Söz konusu iklimde tarihi eserler yanında siyasi, sosyal, kültürel, dini değerler manzumesi izlerini görme mümkündür. Osmanlı'nın Balkanlar'da uzun süren hakimiyeti 1354'lerden 1913'lü yılları kapsamaktadır. 18. Yüzyılda Berlin Antlaşması sonrası Slovenya, Hırvatistan, Bosna-Hersek Osmanlı’dan ayrılmış; 3 mart 1878'de, Rusya’yla imzalanan Ayastafenos antlaşmasıyla bölge tamamen kaybedilmiştir.

Osmanlı İmparatorluğu 1299 yılında kuruluşundan itibaren Doğu'da Selçuklu beyliklerini kontrol altına alırken; Batı'da da Balkanlar'a doğru yürümeyi tercih etmiştir. 1463-64 yıllarında Fatih Sultan Mehmet'in komutasındaki seferde müttefikleriyle Macar krallığı, Hersek düklüğü ve Bosna krallığı arasında 300'den fazla müstahkem bölgeyi ele geçirmesiyle gerçekleşmiştir. O dönemlerde Saraybosna önemli ticaret merkezlerinden birisidir. Dubrovnik, Sırbistan, Makedonya tarımsal ve madeni ürün boldur. Avrupa'daki gelişmelerin takibi ve ulaşılması daha kolay olduğundan önemli yerleşim merkezleri arasında yer almaktadır.
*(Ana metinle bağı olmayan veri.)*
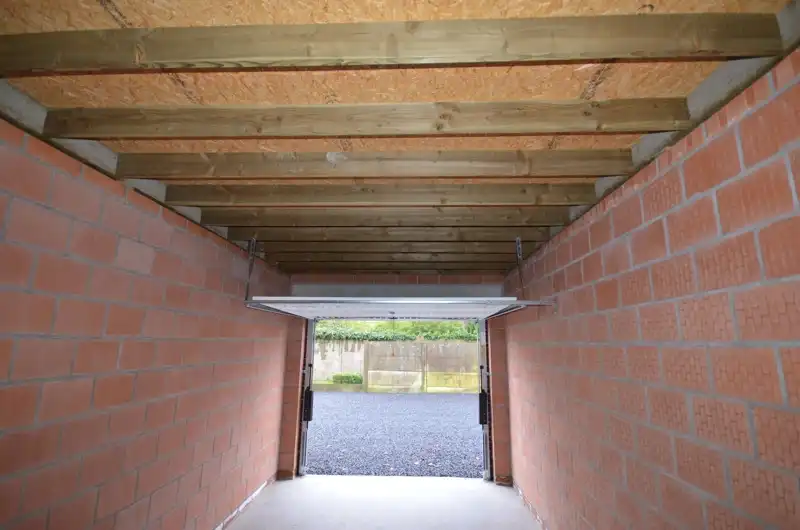 Te huur : nieuwbouw garage  (+/- 18 m²) te Roeselare Gitsestraat foto 3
Savaş öncesi Yugoslavya krallığı yıkılınca; önce 1943 yılında Demokratik Federal Yugoslavya, 1946 yılında, Josip Broz Tito Yugoslavya Federal Halk Cumhuriyeti'nin ilk başkanı olmuştur. Tito soğuk savaş döneminde “Bağlantısızlar hareketini” kurmuş. Son yüzyılın siyasi akımları nedeniyle, etnik milliyetçilik ve iç savaşlar uzun süre ülkeyi huzursuz etmiştir. 1991 yılında doğu bloku, Sovyet Sosyalist Cumhuriyetler Birliği'nin dağılmasından sonra; 2. Dünya Savaşı sonrası kurulmuş olan Yugoslavya Sosyalist Federal Cumhuriyeti, yaşanan iç savaş nihayetinde 1992'de dağıtılmıştır.

Özerk cumhuriyetler mevcut sahip oldukları sınırları çerçevesinde; Bosna-Hersek, Kuzey Makedonya, Sırbistan, Hırvatistan, Slovenya ve Kosova bağımsızlıklarını ilan etmişlerdir. Türkiye'den önemli miktarda turist çeken bölgenin cazibesi doğal güzelliği yanında vizesiz giriş ve eski Türk tarihi yapıtları, Türk-İslam kültür sanatının izleridir.

Bölgede Türk kardeşlik ve dostluğu saygındır. Hatırlatmakta yarar vardır. Bu seyahatle Bosna-Hersek'te Neretva nehri üzerindeki Monstar Köprüsü'nden geçtik ama Sen'den hala geçemedik! Meğerki Sen, Paris'teymiş. Bir dahaki sefere Mevlâ'm kerimdir!..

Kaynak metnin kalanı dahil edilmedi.